WeRateDogs Wrangling Report

by Isiaq Adebayo Okeyode

Dataset

The data was gotten from three sources and in different format respectively. The first data I used was the Twitter Archive data even though it was downloaded programmatically by Udacity and provided to me in a csv format to download manually, I still used GET requests to download it using the URL: 'https://d17h27t6h515a5.cloudfront.net/topher/2017/August/59a4e958_twitter-archive-enhanced/twitter-archive-enhanced.csv' and it was saved to the directory I created (file_name). It was read into a pandas dataframe (twt_arc) using pandas read_csv.

The second data I used was the Image Predictions Data provided by Udacity in a URL: 'https://d17h27t6h515a5.cloudfront.net/topher/2017/August/599fd2ad_image-predictions/image-predictions.tsv' which I programmatically downloaded using the Python Requests library. I created folder for the file then use GET requests to download it from the URL. I opened the file in the folder and read the file into pandas data frame (img_prd).
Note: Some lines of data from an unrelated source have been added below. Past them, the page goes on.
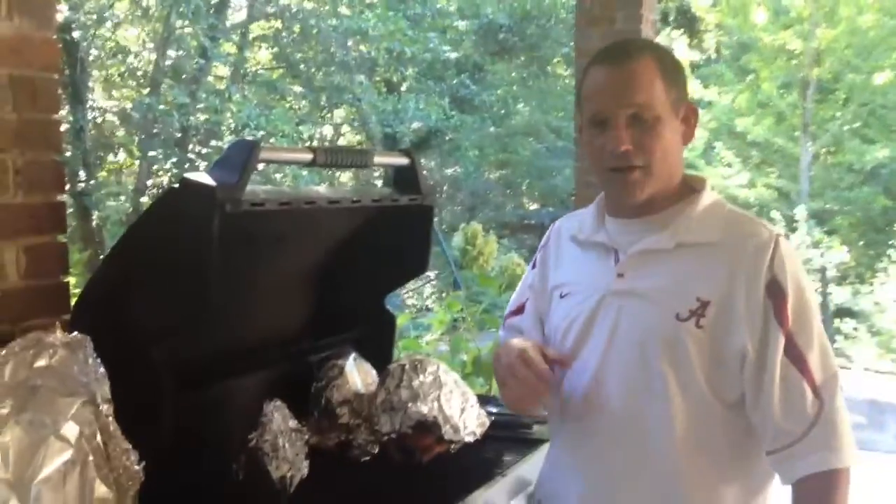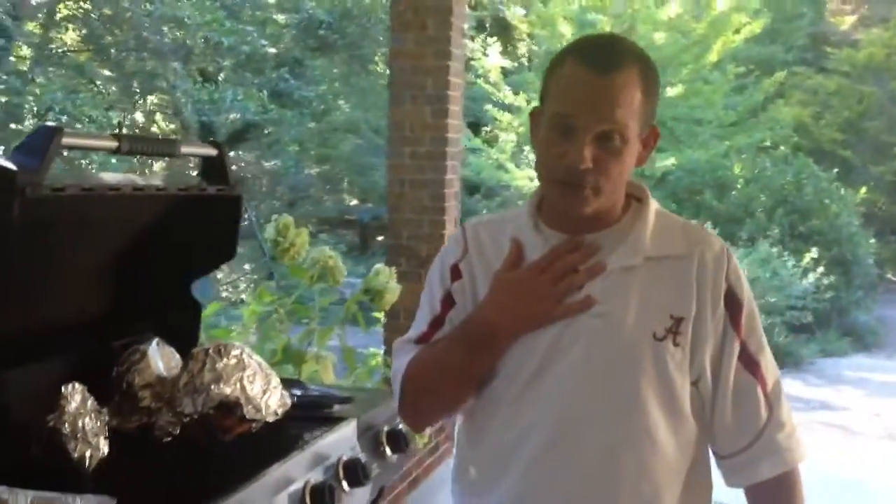It's working? Alright. Everybody waiting for MasterBarbecueRecipes.com. Welcome to MasterBarbecueRecipes.com.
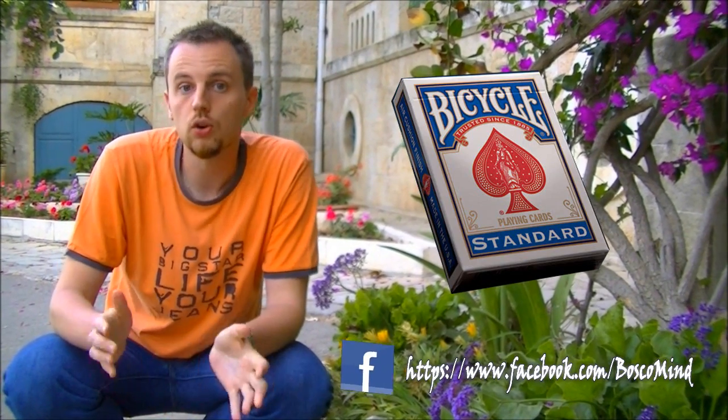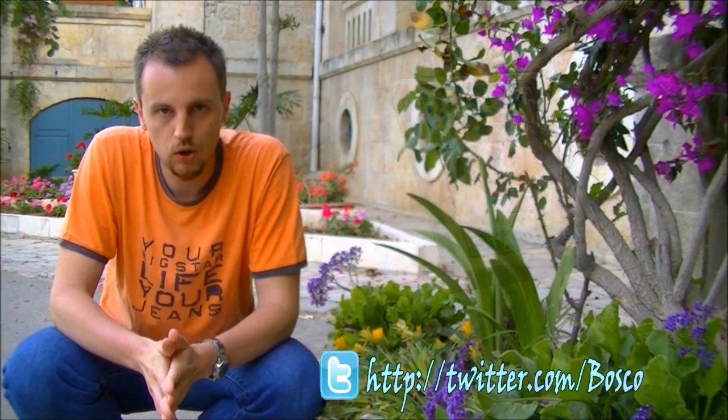And now for the results of the last deck giveaway — here is the winner. There is also a new deck giveaway on my Facebook; all the details are there and you can very easily win a Bicycle deck of cards. This concludes the second season of BoscoMind. Thank you very much for sticking with me all this time. There are new exciting things coming in two weeks — something very interesting to show you. See you!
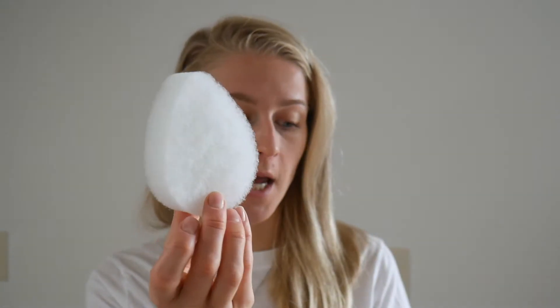It's just a sponge inside. It's actually a pack of two. It has a beautiful teardrop shape.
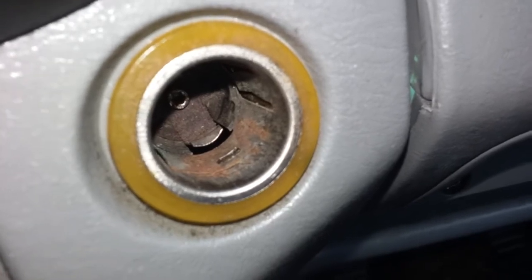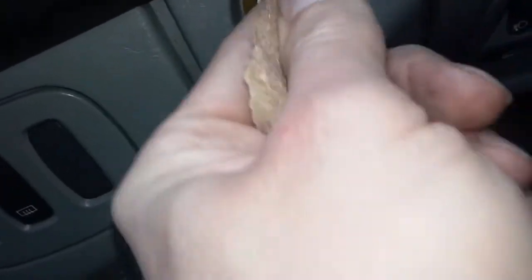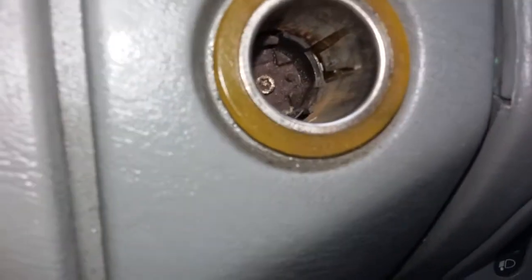The only real way to fix it is to get a small piece of sandpaper and just sand around where that rust is. Of course, if your cigarette lighter is not working at all, it's probably the fuse. But if it is working and you've got a rubbish connection, just do this with sandpaper. As you can see it's not perfect, but you get the idea.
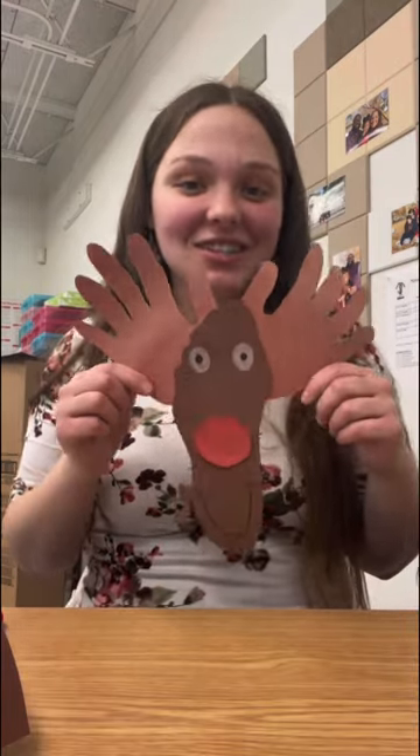And just like that, you made a fun and easy arts and crafts activity that is kid-friendly and touches base on body parts.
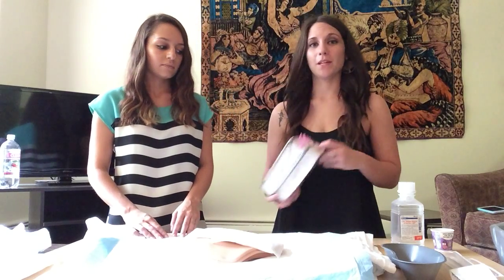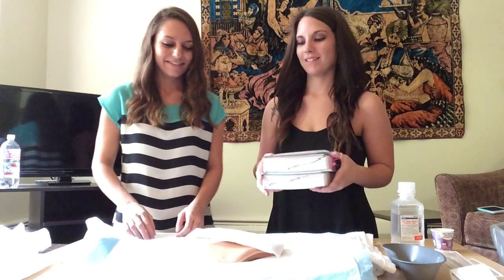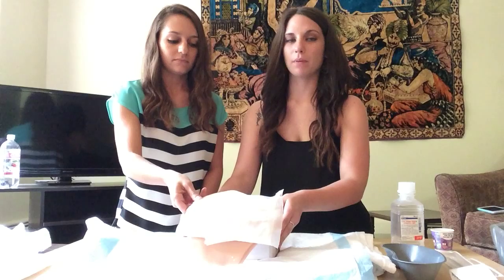We are going to position the patient using our drug guidebooks. We're going to position the patient on their side, propped up by the books.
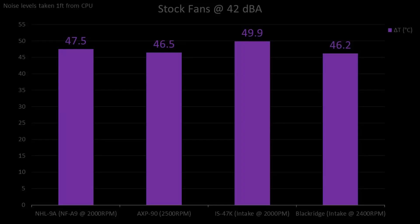Next we will look at noise-normalized testing. By setting all the stock fans to an equalized noise level of 42 decibels, we can see which of these coolers will be usable within a tolerable noise level, at least with the included fan. Here we see that the AXP90 and Blackridge are almost tied, showing off just how good the fan included with the AXP90 is, and how good the heatsink of the Blackridge is despite its weaker fan. The NHL9 with the standard-sized fan shines here as a decent alternative, only being a degree worse — but unfortunately that's as good as this setup is ever going to get. The stock fan on the IS47K is just too weak, trailing behind the competition by an additional 3.5 degrees.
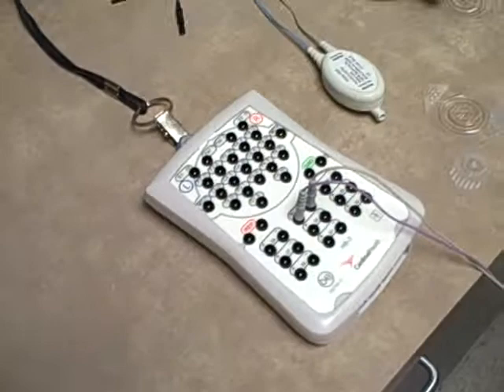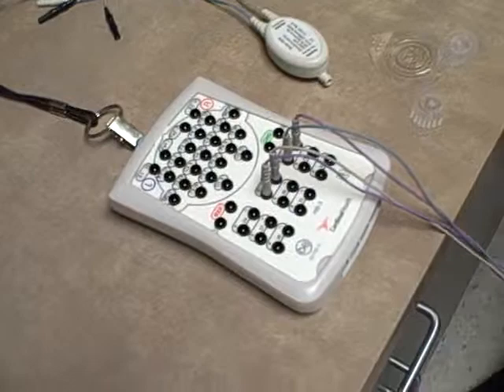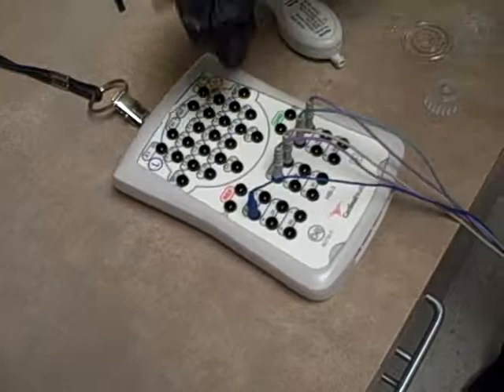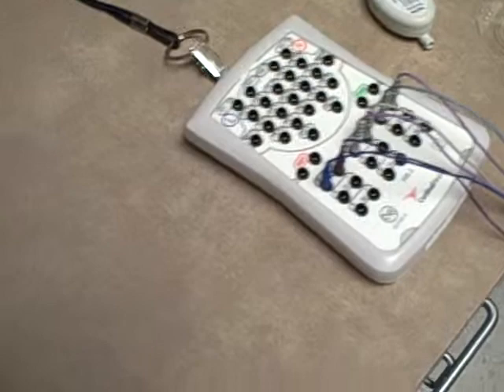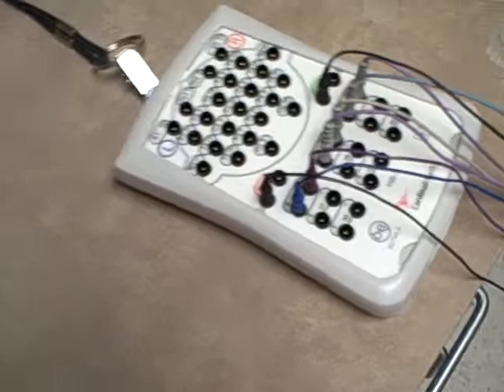These are our left leg leads, and these are our right leg leads. This is EKG1 that went under the left arm, and EKG2 that went on the right chest wall. These are our referencing grounds — the two stickers we put on the forehead. One goes in reference and one goes in ground.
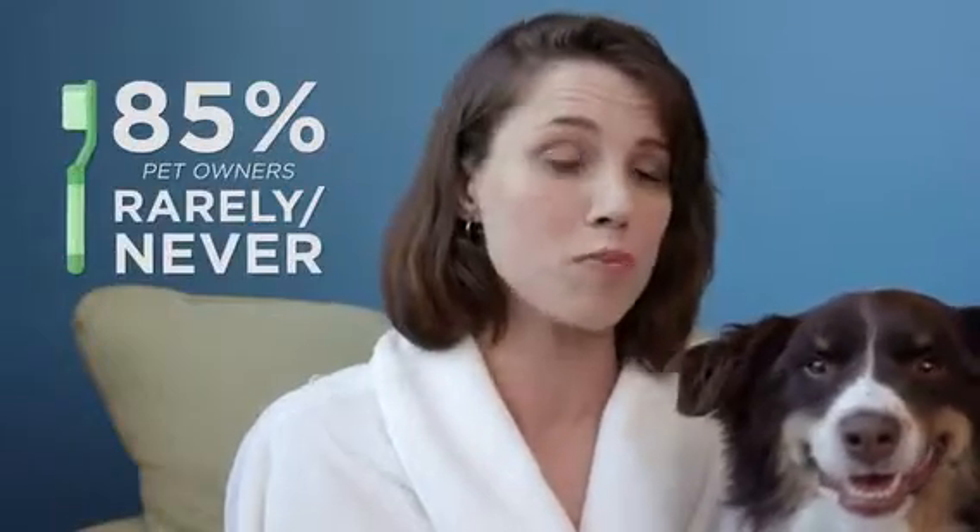You love your dog. In fact, you love him so much you treat him like a human child. We spare no expense when it comes to raising our fur baby. But let's face it, you hate brushing your pet's teeth. In fact, over 85% of pet owners rarely or never brush their pet's teeth.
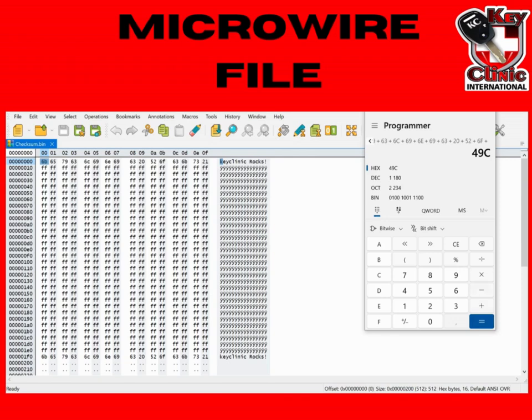Thereafter, we have another short exercise whereby we have another file where I've made a small change. It looks like an insignificant change — if you look at it quickly, you won't notice it — but I want you to check that file, go through it, calculate everything, and see if the checksum matches.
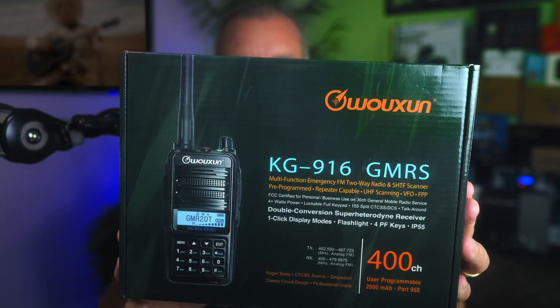The price for this new GMRS radio is $139. Affiliate link below. BetterSafe Radio did send me this new KG916 radio at no cost so that I could share it with you, my favorite viewer.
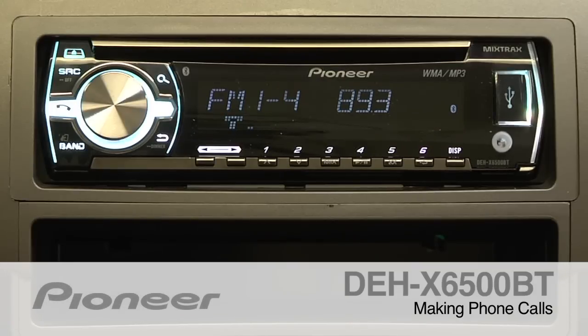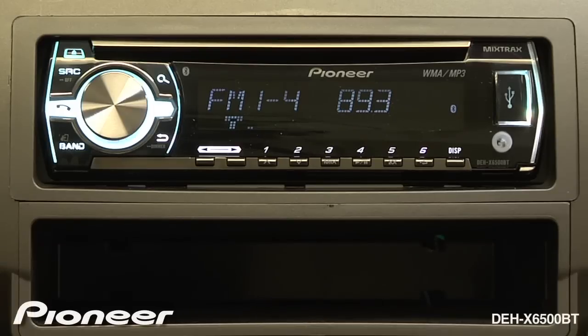The DEH-X6500BT features built-in Bluetooth for hands-free calling and wireless streaming audio. Once your phone is paired, you find the Bluetooth logo on the screen and we can make a phone call.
Due to some missing values in the Twitter Archive table, I decided to query Twitter account WeRateDogs for additional information such as (tweet_id, retweet_count, and favourite_count) using Twitter API called TWEEPY. I applied for a Twitter Developer account, but I didn't get the necessary keys needed on time because of some technical difficulties with my Twitter account so I used the file provided by Udacity Platform (tweet-json.txt). I only needed more information from tweet ids I already had in Twitter Archive Data frame. I created an empty list called df_list to append the data to, I opened the tweet-json.txt file in read format and for each line loaded it to a variable. I accessed this variable to get the tweet_id, retweet_count and favourite count values. Then, I appended this to the empty list (df_list) I initially created. I converted this list to a data frame (twt_json) using pd.DataFrame.

Summary of Findings

In the exploration, I found that there was a strong relationship between retweet and likes, tweets with plenty retweet will surely garner more likes (our r = 0.786 which is close to 1 according to pearson correlation coefficient).

It was also observed that the top 3 dog_stages to receive the most likes (favorite_count) are doggo,puppo with more than 40,000+ likes, followed by puppo with 20,000+ likes and doggo with 18,000+ likes.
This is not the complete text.